La Regione Valle d'Aosta deve mantenere alta l'attenzione sulle pensioni di forestali e vigili del fuoco. Si attende la quantificazione degli oneri da parte dell'INPS per definire le risorse necessarie.
Focus su organizzazione e attuazione normativa
Si punta a mantenere un'alta vigilanza sui corpi dei forestali e dei vigili del fuoco. L'approvazione di due leggi ha segnato un primo passo importante per la loro organizzazione. Tuttavia, questi provvedimenti non rappresentano il traguardo finale. Il percorso normativo di attuazione riveste ora un'importanza cruciale. È in questa fase che si potranno fornire risposte concrete alle esigenze dei Corpi.
Le recenti riunioni di raffreddamento si sono concluse con esiti negativi. Questo dato desta preoccupazione. Si sta lavorando all'assestamento del bilancio regionale. Diventa quindi fondamentale comprendere quali risorse proprie la Regione potrà destinare. Solo così si potrà agire in modo efficace.
Queste dichiarazioni sono state rilasciate dal consigliere regionale Marco Carrel (Autonomisti di Centro). Ha parlato durante l'esame di un'interrogazione da lui presentata. L'argomento trattato era la copertura finanziaria per il pregresso previdenziale. Riguardava specificamente i vigili del fuoco e il personale forestale.
Quantificazione oneri previdenziali per la Regione
Il presidente della Regione, Renzo Testolin, ha sottolineato un punto chiave. La questione centrale riguarda la quantificazione complessiva del maggior onere. Questo potenziale peso graverebbe sulle finanze regionali. Deriva dal trasferimento del personale. Il passaggio avviene dalla cassa pensionistica Cpdel (Cassa pensioni dipendenti enti locali) alla Cassa Ctps (Cassa trattamenti pensionistici dello Stato).
L'Istituto Nazionale della Previdenza Sociale (INPS) deve effettuare questa quantificazione. Solo così la Regione potrà valutare appieno gli impatti economici. Una riunione tecnico-politica si è svolta a metà marzo. In quell'occasione, sono stati forniti all'INPS i dati richiesti. Questi riguardano il personale in servizio presso la Regione.
Sono state trasmesse informazioni sull'età anagrafica. Include anche l'anzianità di servizio, l'inquadramento contrattuale e l'imponibile previdenziale. Questi dati sono essenziali per l'Istituto. Permetteranno all'INPS di fornire uno scenario completo degli oneri. Si stima che ciò avverrà nei prossimi 30-40 giorni. Successivamente, si potranno prendere le decisioni opportune.
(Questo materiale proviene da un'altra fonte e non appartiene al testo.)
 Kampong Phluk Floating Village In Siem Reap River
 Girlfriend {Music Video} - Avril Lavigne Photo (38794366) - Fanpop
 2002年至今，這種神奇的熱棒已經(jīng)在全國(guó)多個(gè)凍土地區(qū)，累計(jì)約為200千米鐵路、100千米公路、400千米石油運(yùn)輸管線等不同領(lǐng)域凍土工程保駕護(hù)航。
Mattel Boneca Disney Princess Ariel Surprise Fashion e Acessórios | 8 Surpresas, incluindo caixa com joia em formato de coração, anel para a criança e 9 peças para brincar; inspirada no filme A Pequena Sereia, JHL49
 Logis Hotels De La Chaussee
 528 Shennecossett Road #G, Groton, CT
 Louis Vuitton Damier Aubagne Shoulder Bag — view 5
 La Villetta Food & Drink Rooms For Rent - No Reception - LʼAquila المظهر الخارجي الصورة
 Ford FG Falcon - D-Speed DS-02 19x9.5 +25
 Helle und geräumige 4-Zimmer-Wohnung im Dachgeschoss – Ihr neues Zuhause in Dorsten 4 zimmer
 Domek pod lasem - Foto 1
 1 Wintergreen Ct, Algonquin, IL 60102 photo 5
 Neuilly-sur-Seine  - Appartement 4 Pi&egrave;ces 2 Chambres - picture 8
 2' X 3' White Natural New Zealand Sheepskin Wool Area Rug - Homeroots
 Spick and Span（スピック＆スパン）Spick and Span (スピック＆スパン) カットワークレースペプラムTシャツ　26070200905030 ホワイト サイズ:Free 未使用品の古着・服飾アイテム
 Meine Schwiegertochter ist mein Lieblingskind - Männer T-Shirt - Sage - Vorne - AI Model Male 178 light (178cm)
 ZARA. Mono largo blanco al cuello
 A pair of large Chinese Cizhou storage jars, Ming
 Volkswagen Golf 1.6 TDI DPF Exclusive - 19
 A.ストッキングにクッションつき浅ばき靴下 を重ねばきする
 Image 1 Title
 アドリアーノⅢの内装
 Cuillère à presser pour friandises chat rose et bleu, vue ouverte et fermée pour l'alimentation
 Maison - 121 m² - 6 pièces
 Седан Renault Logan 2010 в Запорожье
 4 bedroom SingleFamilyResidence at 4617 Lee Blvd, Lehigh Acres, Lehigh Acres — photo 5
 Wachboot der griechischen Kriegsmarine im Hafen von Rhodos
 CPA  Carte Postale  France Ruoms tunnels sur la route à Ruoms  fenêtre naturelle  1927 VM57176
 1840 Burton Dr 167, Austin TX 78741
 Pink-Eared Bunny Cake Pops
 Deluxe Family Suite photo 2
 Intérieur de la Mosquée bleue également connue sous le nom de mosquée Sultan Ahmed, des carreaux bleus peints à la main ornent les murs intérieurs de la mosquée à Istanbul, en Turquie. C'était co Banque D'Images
A titolo informativo, e come risulta dal bilancio regionale, l'importo attualmente accantonato ammonta a 1,8 milioni di euro. Questo stanziamento è destinato a coprire parte delle future necessità.
Domande frequenti sulle pensioni forestali e vigili del fuoco
Cosa prevede la nuova normativa per i forestali e i vigili del fuoco?
La normativa approvata rappresenta un primo passo verso una nuova organizzazione dei corpi. Il percorso di attuazione è ancora in corso e si attende che fornisca risposte concrete.
Qual è il ruolo dell'INPS nella definizione degli oneri pensionistici?
L'INPS è incaricato di quantificare il maggiore onere derivante dal trasferimento del personale tra casse previdenziali. Questo dato è fondamentale per la Regione per valutare gli impatti economici e decidere le risorse da stanziare.